● What you have to do
Range to copy from the entries below: the line containing "9.3K views ·" through the line containing "from 12/23/24, 05:17", inclusive. Retype only those lines, exactly, without any images.

● Supplied material
#####
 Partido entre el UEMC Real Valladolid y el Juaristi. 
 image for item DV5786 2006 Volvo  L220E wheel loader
#####
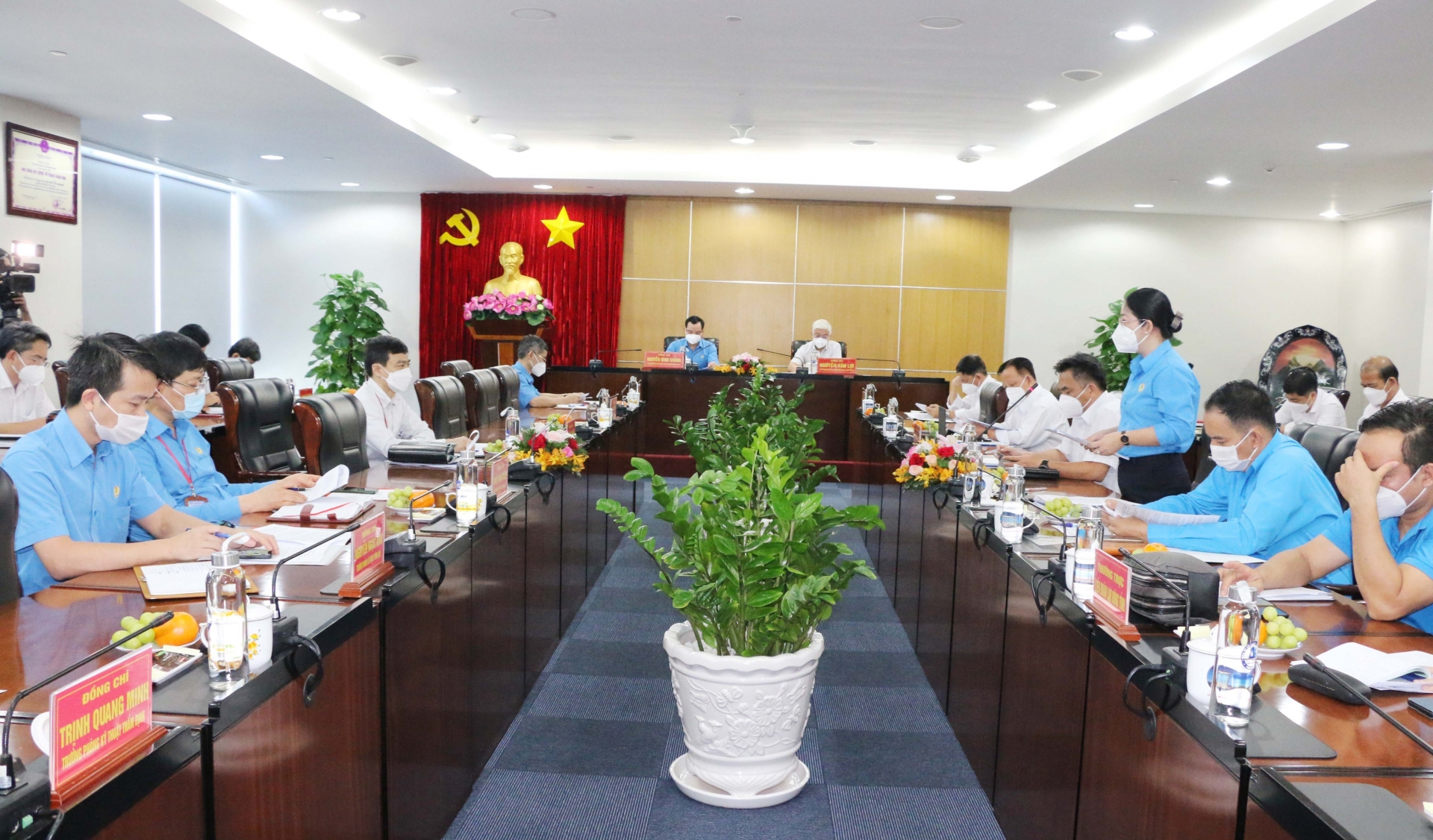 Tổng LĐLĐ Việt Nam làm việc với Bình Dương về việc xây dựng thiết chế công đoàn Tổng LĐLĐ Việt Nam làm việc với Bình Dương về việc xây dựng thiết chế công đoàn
#####
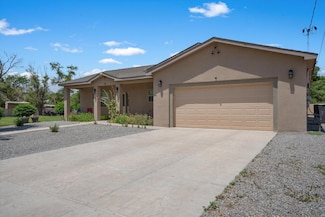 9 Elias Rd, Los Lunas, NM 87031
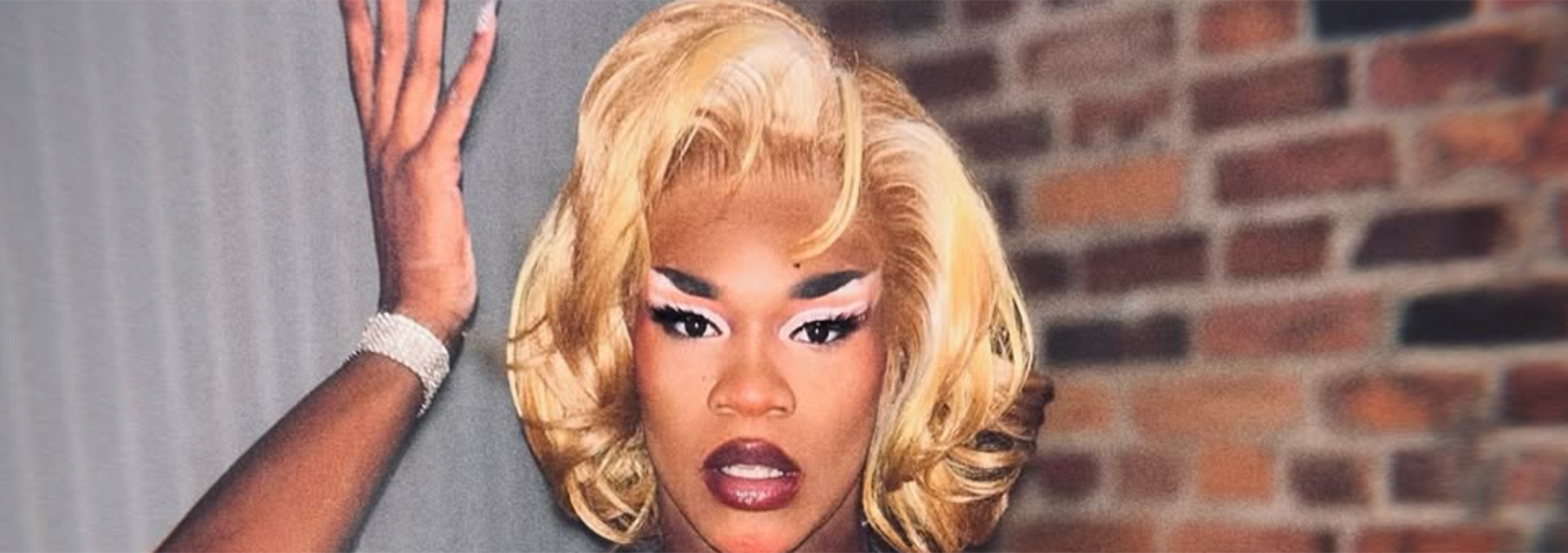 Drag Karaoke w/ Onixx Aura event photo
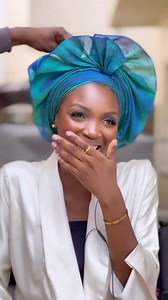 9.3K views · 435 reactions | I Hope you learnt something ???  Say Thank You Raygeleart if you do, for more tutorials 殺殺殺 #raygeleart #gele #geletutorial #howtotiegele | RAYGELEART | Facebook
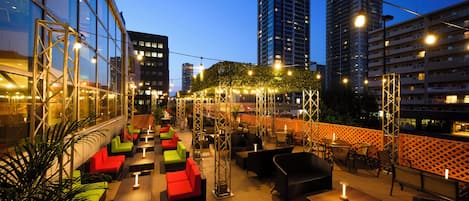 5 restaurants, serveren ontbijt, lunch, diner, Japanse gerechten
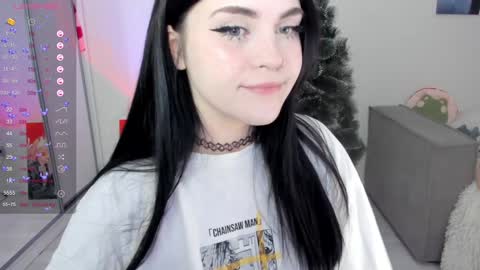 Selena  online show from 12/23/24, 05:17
#####
● Your solution
 9.3K views · 435 reactions | I Hope you learnt something ???  Say Thank You Raygeleart if you do, for more tutorials 殺殺殺 #raygeleart #gele #geletutorial #howtotiegele | RAYGELEART | Facebook
 5 restaurants, serveren ontbijt, lunch, diner, Japanse gerechten
 Selena  online show from 12/23/24, 05:17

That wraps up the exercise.